Exercise instructions
Set down exactly, from the records below, the line with "Hi everyone and" through the line with "The only drawback", and nothing else.

Given data
======

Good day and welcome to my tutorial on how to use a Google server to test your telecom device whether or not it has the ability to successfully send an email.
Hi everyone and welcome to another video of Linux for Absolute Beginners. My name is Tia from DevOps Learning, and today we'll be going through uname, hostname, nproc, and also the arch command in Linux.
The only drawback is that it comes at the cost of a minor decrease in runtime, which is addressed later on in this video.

======

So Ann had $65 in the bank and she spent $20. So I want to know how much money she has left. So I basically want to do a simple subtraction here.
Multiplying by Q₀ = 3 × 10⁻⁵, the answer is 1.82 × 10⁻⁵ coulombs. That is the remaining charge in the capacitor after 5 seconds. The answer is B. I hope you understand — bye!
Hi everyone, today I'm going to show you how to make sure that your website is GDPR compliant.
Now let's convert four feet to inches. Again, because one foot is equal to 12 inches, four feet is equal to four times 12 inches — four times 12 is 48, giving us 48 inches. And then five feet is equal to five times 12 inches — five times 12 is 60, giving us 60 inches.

======

Problem solution
Hi everyone and welcome to another video of Linux for Absolute Beginners. My name is Tia from DevOps Learning, and today we'll be going through uname, hostname, nproc, and also the arch command in Linux.
The only drawback is that it comes at the cost of a minor decrease in runtime, which is addressed later on in this video.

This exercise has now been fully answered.